*Task instructions:* From the line that contains "this 1270×952 image." to the end of the entries, write out every line exactly, including both ends, and nothing more.

[Saved entries]
*** Begin section ***

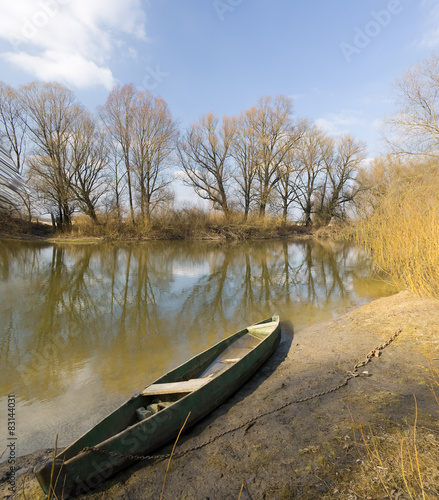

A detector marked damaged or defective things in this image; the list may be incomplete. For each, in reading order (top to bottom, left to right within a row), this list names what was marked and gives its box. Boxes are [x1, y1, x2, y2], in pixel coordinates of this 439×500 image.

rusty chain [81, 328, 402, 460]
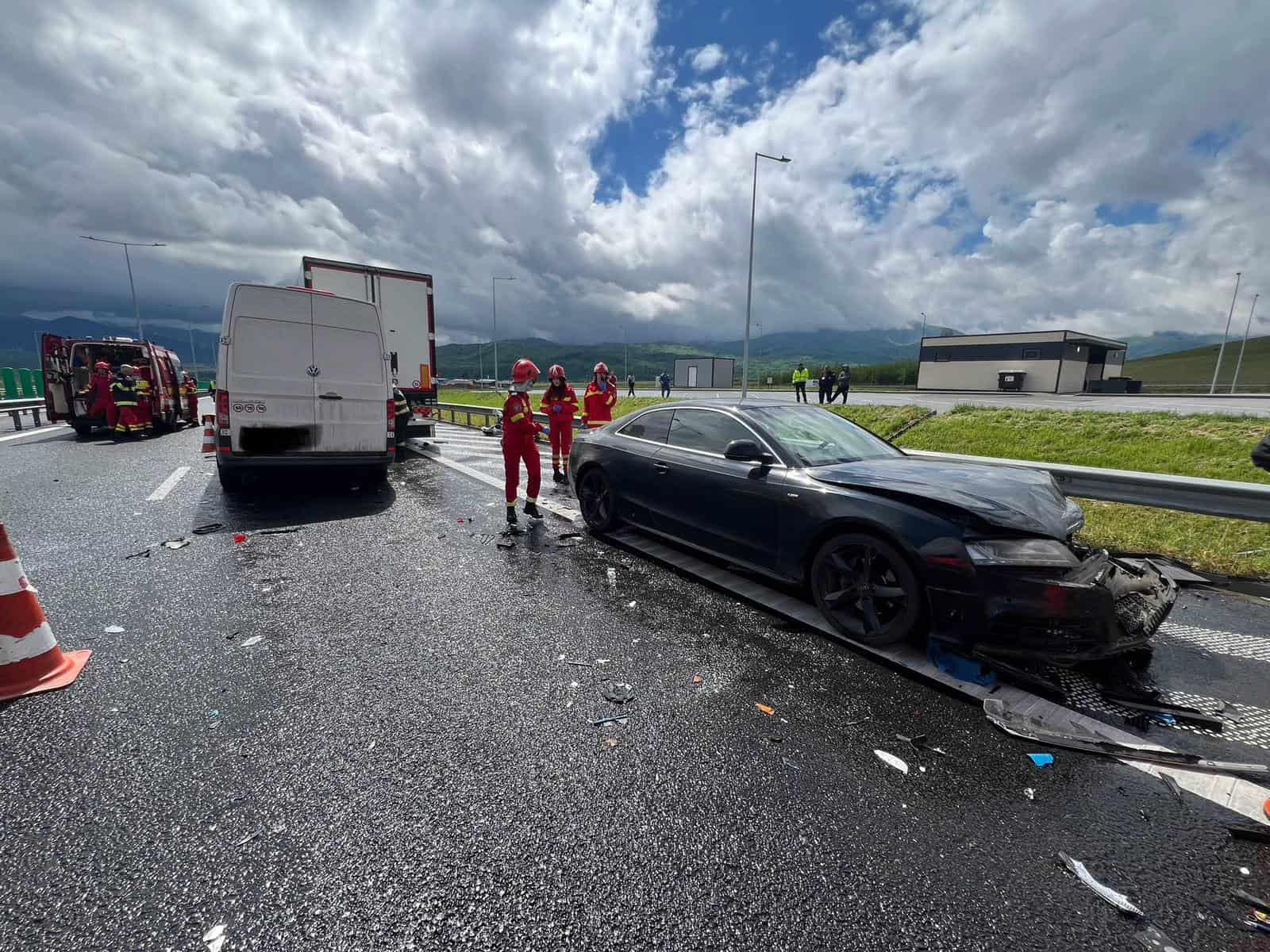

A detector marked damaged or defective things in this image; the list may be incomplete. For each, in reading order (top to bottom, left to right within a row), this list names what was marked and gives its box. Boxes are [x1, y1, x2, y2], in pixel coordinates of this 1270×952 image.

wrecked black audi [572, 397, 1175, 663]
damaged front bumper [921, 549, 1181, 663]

*** End section ***

*Answer to the exercise:*
A detector marked damaged or defective things in this image; the list may be incomplete. For each, in reading order (top to bottom, left to right within a row), this list names what was marked and gives its box. Boxes are [x1, y1, x2, y2], in pixel coordinates of this 1270×952 image.

wrecked black audi [572, 397, 1175, 663]
damaged front bumper [921, 549, 1181, 663]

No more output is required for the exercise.